Rus imparatorluk anlayışını yeniden canlandırmak perspektifi altında konu ele alınabilir. Klasik Avrasyacılığın kuramsal değerlerine bağlı kalırken dönemin gerektirdiği şartlara bağlı olarak kendisini dizayn etmiştir. Özellikle Yeni dünya düzeni kapsamında Amerikan ve onunla beraber değerlerine olumsuz bir tavır takınmışlardır.
Yeni Avrasyacıları siyasal kurguları bakımından ele alacak olursak, daha önceden de belirtildiği gibi imparatorluk önerilmektedir.Ekonomik sitemi Klasik Avrasyacılar gibi olmasının yanında ekonomiye yapılan vurgu Klasik dönemden çok daha fazladır.
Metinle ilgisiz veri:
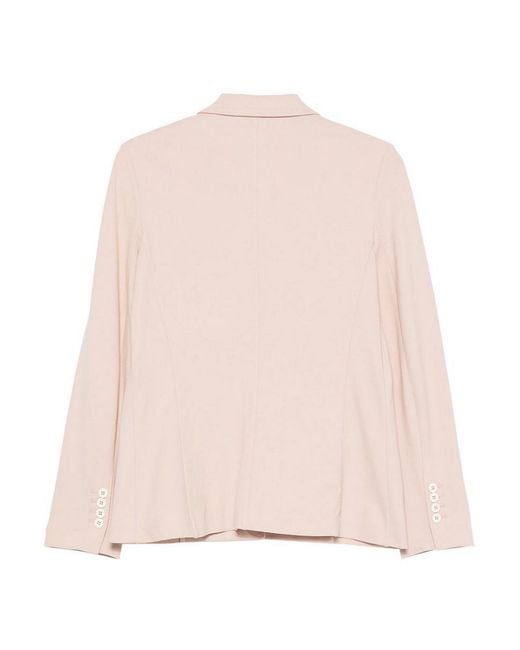 Circolo 1901 Pink Stretch Cotton Single-Breasted Blazer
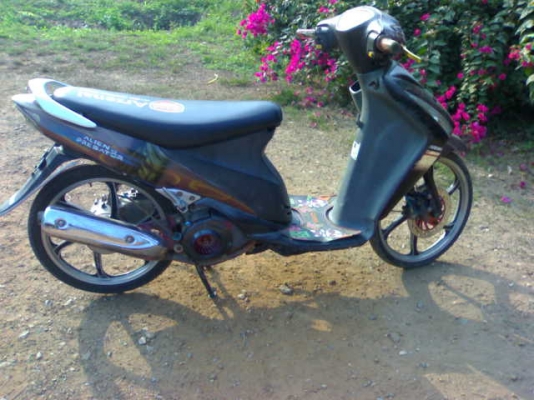 สเตปปี49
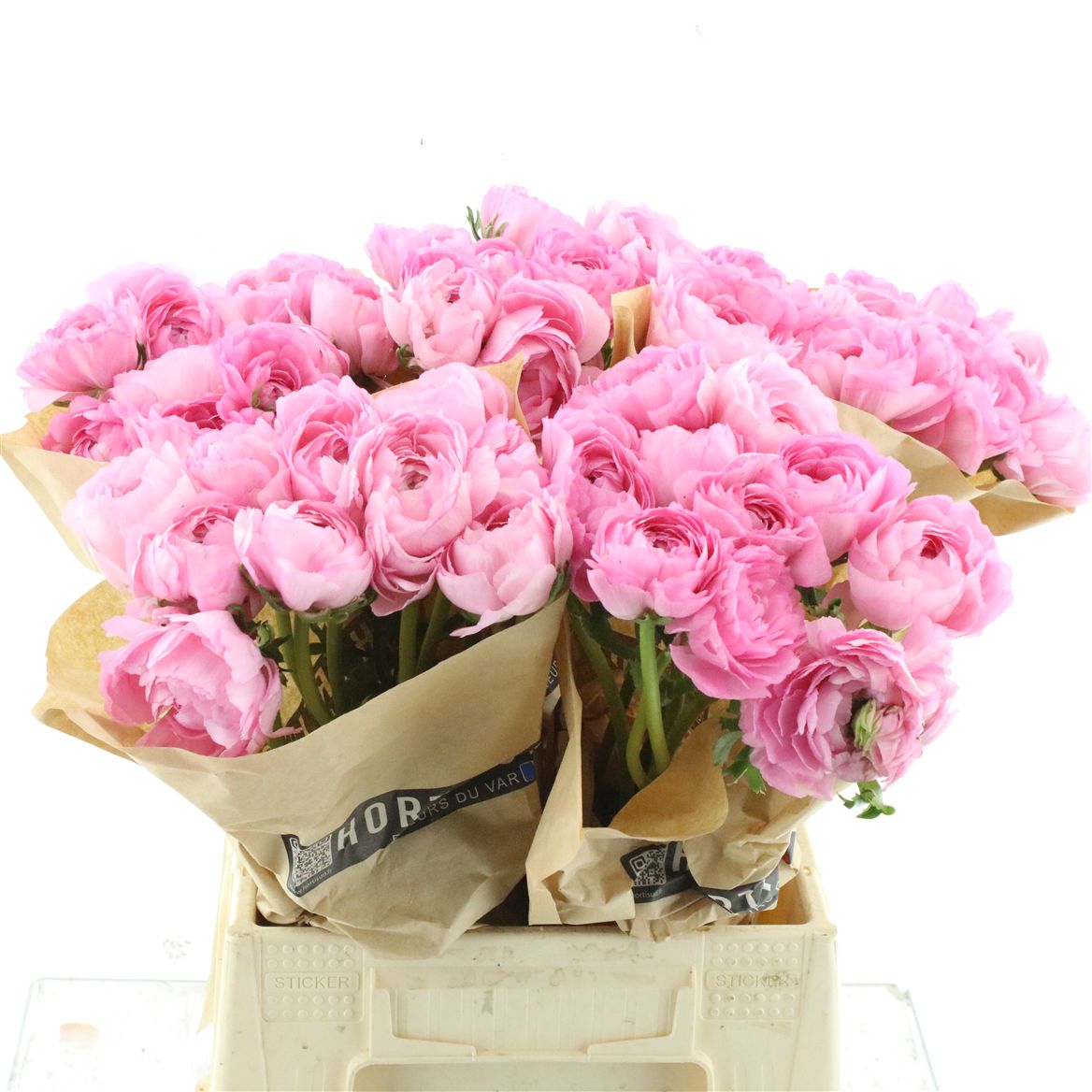 Ranunculus Success Rosa 418 45cm 55gr.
Bunun en büyük nedeni olarak Asya ekonomilerinin yükselişe geçmesi, o dönemde özellikle enerji sektöründen elde edilen gelirler önemli rol oynamışlardır.
Sosyal algılarında temel kavramlarda ayrışmalar olmasa da dinsel ve kültürel alanda Avrasya kapsamında ele alınana bütün devletlerin ateizm ile savaşması gerektiği vurgulanmaktadır. Ortodoks ve Müslüman anlayışı ve Rus-Müslüman Federasyonu düşüncesi savunulmaktadır. Bunun nedeni toplumun parçası haline gelmiş güçlü bir Müslüman popülasyonun olmasıdır.
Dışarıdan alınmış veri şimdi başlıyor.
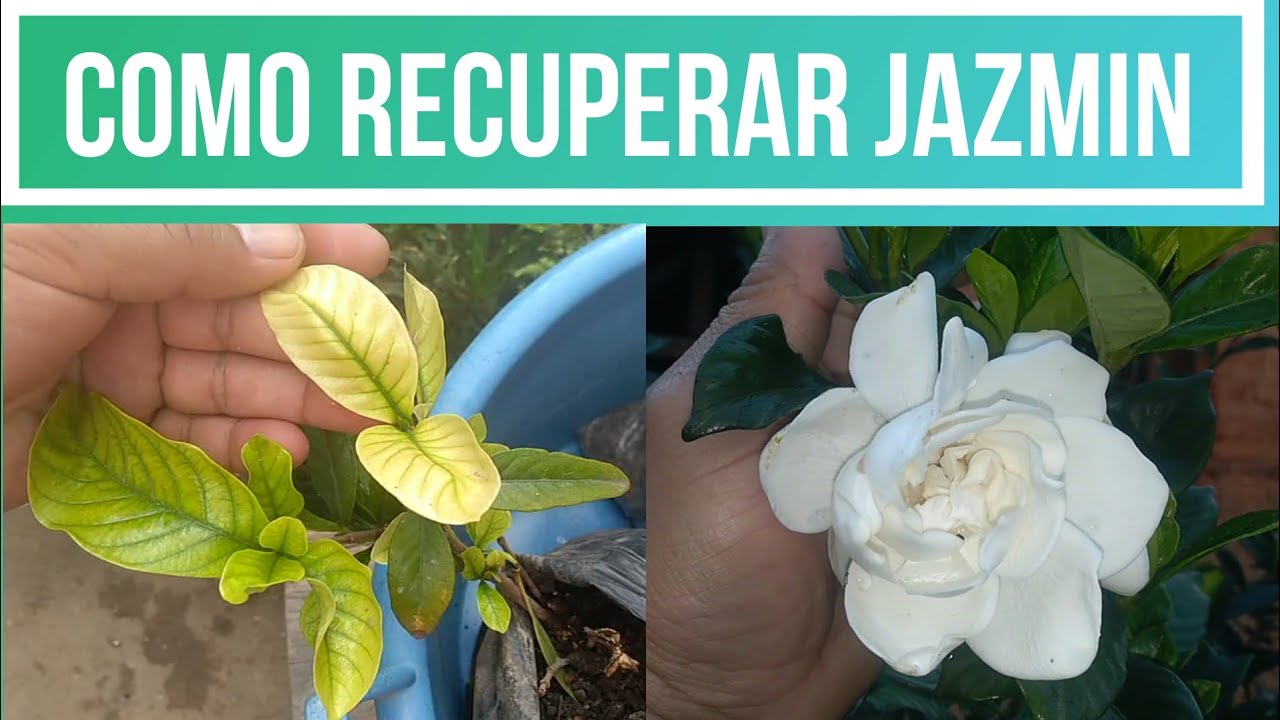 JAZMIN DEL CABO CON HOJAS AMARILLAS TRATAMIENTO, GARDENIA CON CLOROSIS FERRICA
Avrasyacılığın odağında Rus halkı bulunmaktadır. Dünya üzerinde kurulacak olan adil düzenin temsilcisini kendileri olarak görmekte ve o bu bağlamda büyük bir ''Medeniyet İnşa Projesi'' kurgulamaktadırlar.
Sonuç olarak; her devletin siyasi eylemlerinin ve eğilimlerinin ardında bazı fikirler, hayaller yatar. Rusya bu kapsamda gerek sosyolojik, tarihî gerekse kültürel, dinî açıdan kendine öz bir yaklaşımla tek kutuplu dünya düzeni anlayışına karşı çıkmış ve büyük bir medeniyet projesini düşlemiştir. Atlantik İmparatorluk düzeninin adaletsiz, yayılmacı ve ben merkezli tutumunun karşısında duran Rusya acaba Avrasyacılığın temel ilklerini gerçekleştirme hususunda ne kadar etkilidir soru işaretidir.